Aviation: Push for the SST

The U.S. plans for a supersonic transport have had as many ups and downs as a single-prop plane bulling its way through a thunderstorm. Last week President Johnson received the most optimistic report yet on the SST—a report that has suddenly brightened the plane's uncertain prospects. Prepared by the Commerce Department, it bases its favorable analysis of the 1,900-m.p.h., 150-passenger plane on several new economic and technical discoveries.

Government and industry have been spending $2,000,000 a month for research on the SST, about 75% of it Government funds. Work on the drawing boards and in the wind tunnels has produced important design improvements in both the SST's airframe (for which Boeing and Lockheed are competing) and engines (General Electric v. Pratt & Whitney). The airframe makers have discovered that a relatively small reduction in airframe weight produces a disproportionately larger increase in payload; a 1% reduction, for example, would increase the payload by 10%. National Aeronautics and Space Administration research has given increased hope for solving the problems of sonic boom. And estimates of the world market for the SST have been raised from 200 planes to 400.

All this has convinced many previously hesitant airline officials that the plane is commercially practical, and has turned the congressional head wind against the SST into a tail wind. "My gloom has been dispelled," says Mike Monroney, chairman of the Senate Aviation Subcommittee, who less than two years ago was nearly ready to abandon the SST. "I am convinced that it is now time to get our SST off the drawing board." Says Boeing President William M. Allen: "Boeing would be prepared to implement a construction program tomorrow."

Monroney is now proposing that the Administration underwrite a major part of the SST prototype-development program (the original stand of the U.S. airframe makers), wants to see both a Boeing and a Lockheed prototype.
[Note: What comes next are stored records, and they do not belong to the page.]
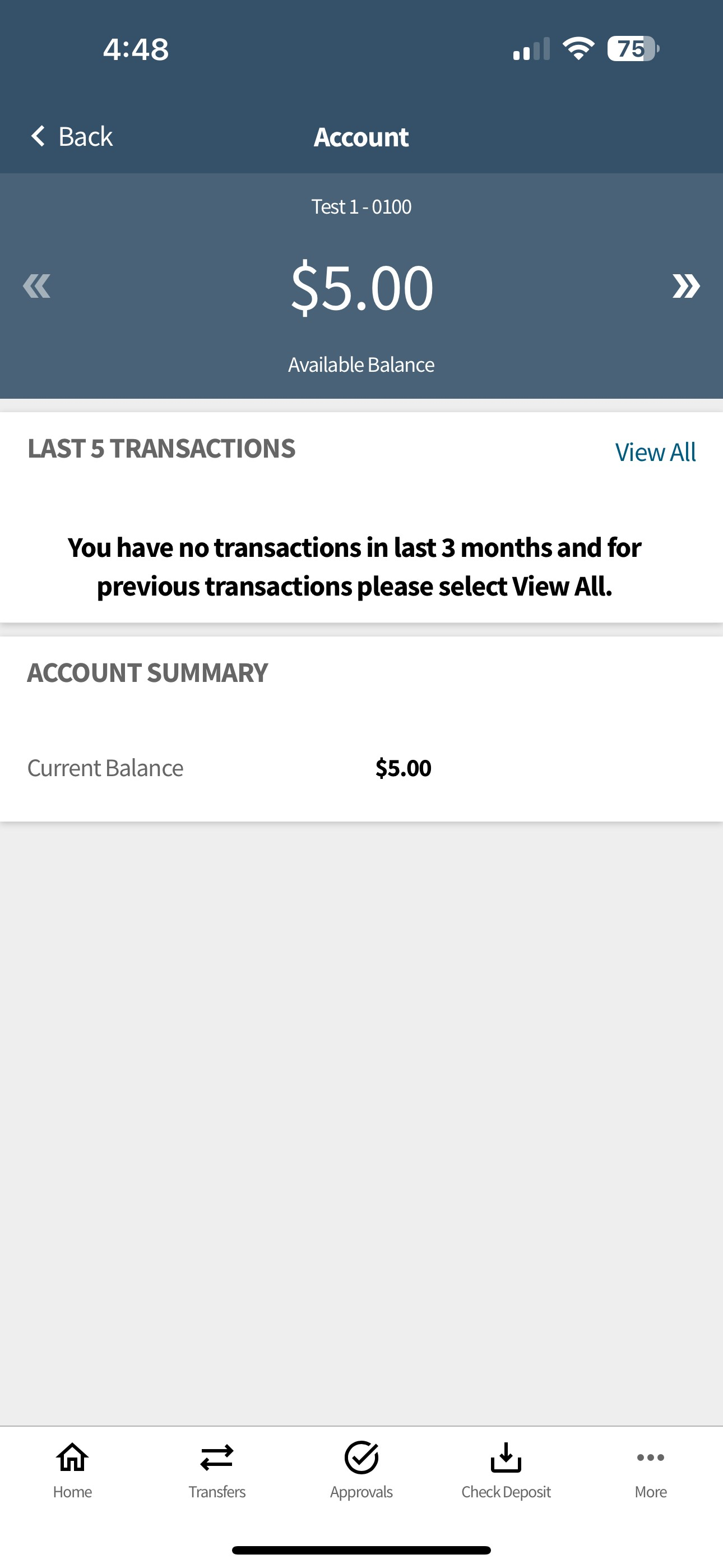 Lexicon Bank Business
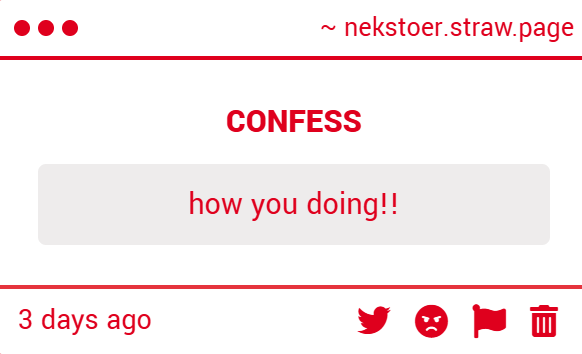 nekstoer's tweet image. feeling #homophobic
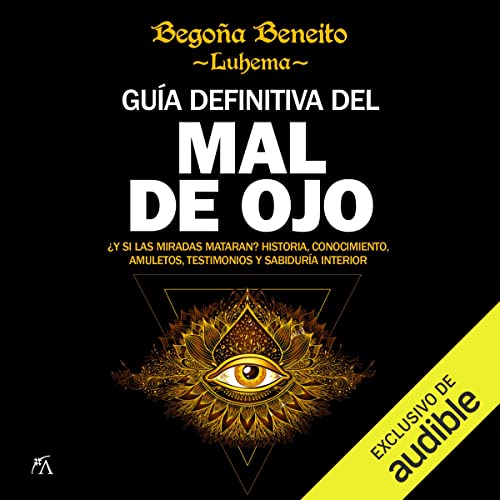 Guía definitiva del mal de ojo cover art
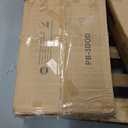 Night Stand, Wooden End Table, Rustic Night Stands for Bedrooms, Tall Bedside Table with Drawers for Bedroom, Home Office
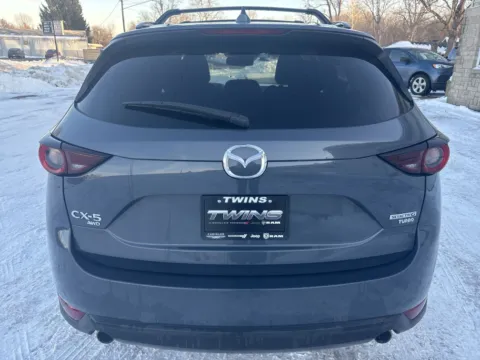 More photos of 2021 Mazda CX-5 Carbon Edition Turbo at Twins Chrysler Dodge Jeep Ram, MI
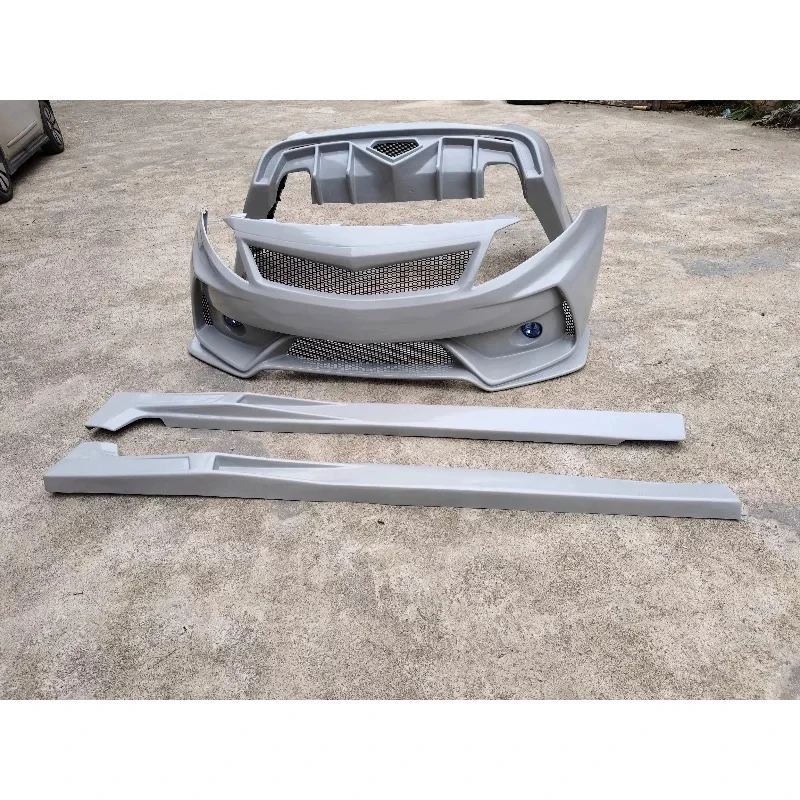 

Front Rear Bumper Assembly Side Skirt For Kia K5 2011-2015 Surround Body Kit Exterior Accessories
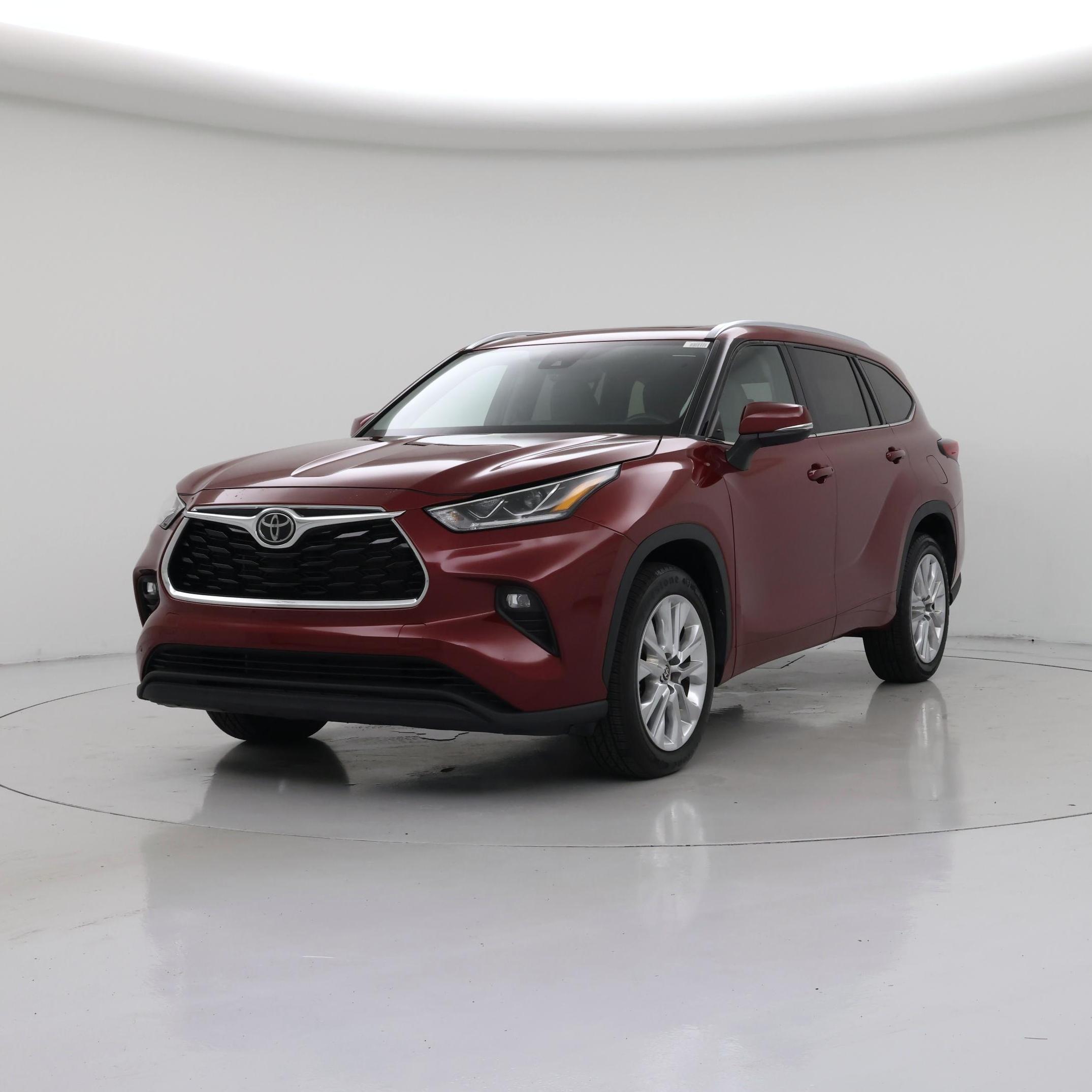 Thumbnail: 2021 Toyota Highlander - 4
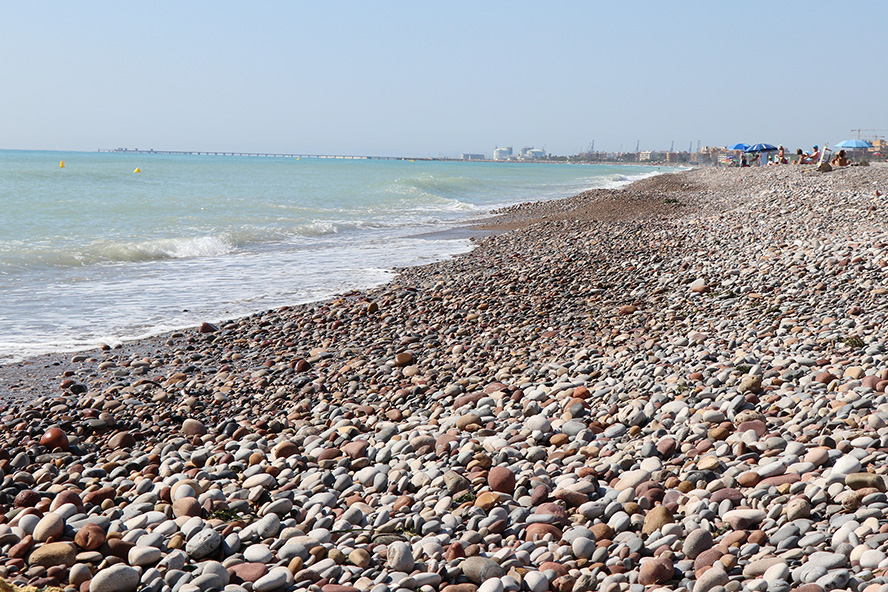 El Ministerio comunica al Ayuntamiento de Sagunto que la Declaración de Impacto Ambiental de extracción de arenas para Almardá entra en su fase final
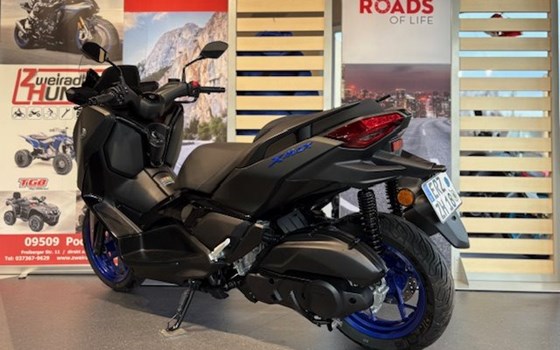 Gebrauchtmotorrad Yamaha XMAX 125 - Bild 3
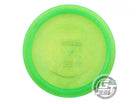 NOS Innova Metal Flake Champion Teebird3 175g Lime Aqua Foil Driver Golf Disc
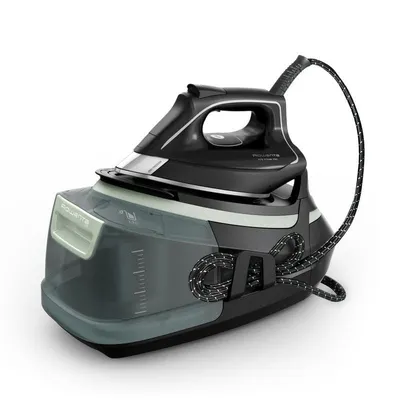 Dampfbügelstation Rowenta DG9621F0 Eco Steam Pro 7,8 bar 500 gmin 1,3 L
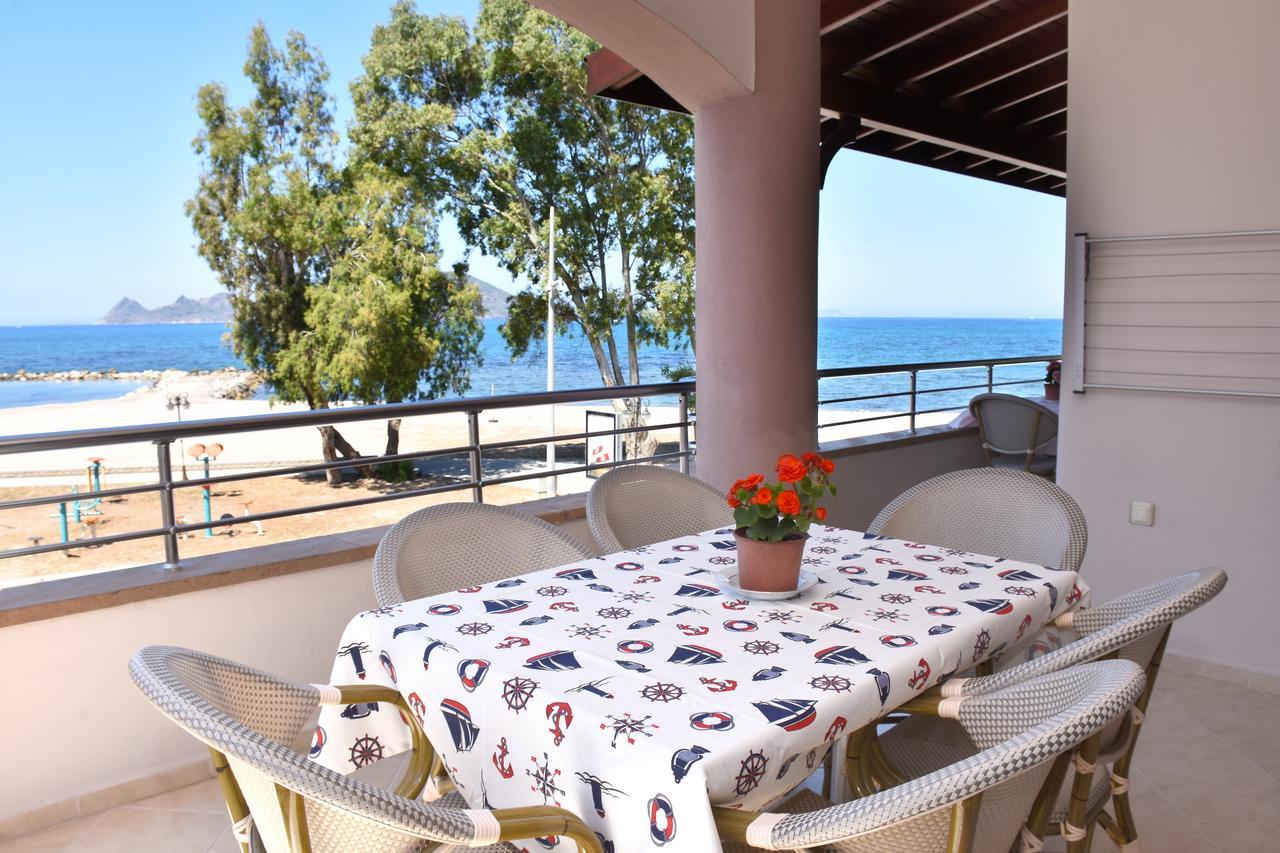 טורגוטריס Aybey Apart Hotel מראה חיצוני תמונה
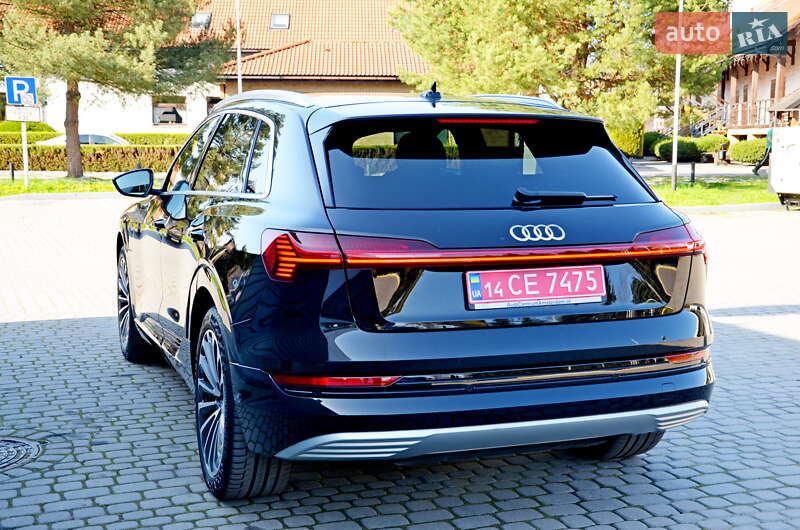 Внедорожник / Кроссовер Audi e-tron 2019 в Ивано-Франковске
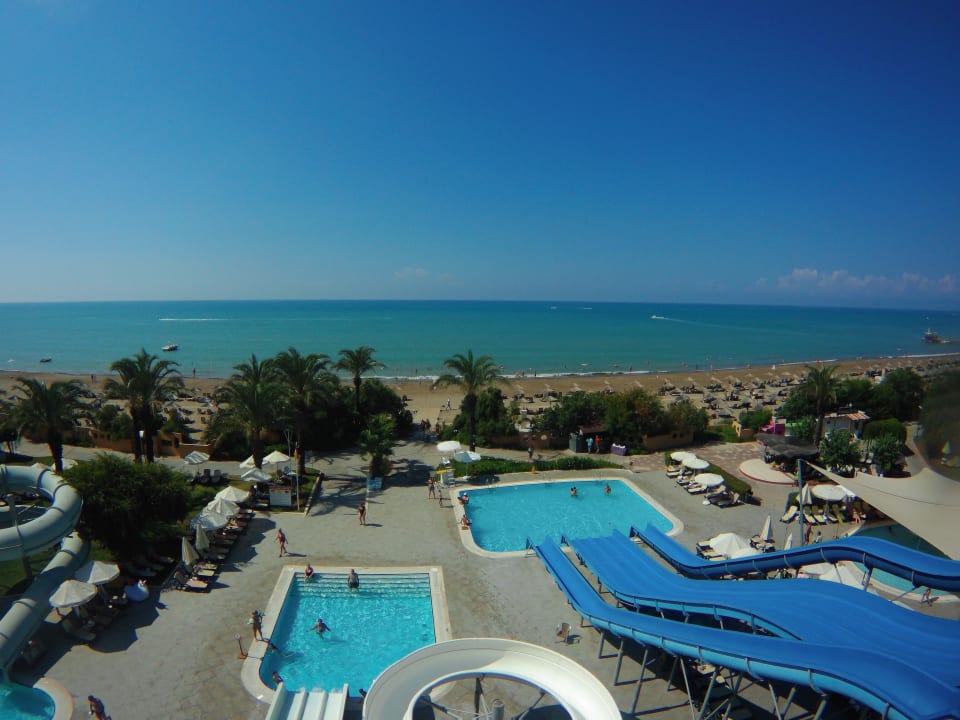 Ausblick Asteria Family Belek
After flight tests and evaluation of the prototypes, the government would make its choice and the winning company would then build production-line ships with its own risk capital; the government would recover its development costs through a royalty arrangement. Washington has an increasingly powerful motivation for giving the go-ahead: if the SST market is forfeited to the British and French, who seem to have patched up their differences and are forging ahead with the Concorde, the U.S. would lose upwards of $10 billion in potential sales in the next dozen years.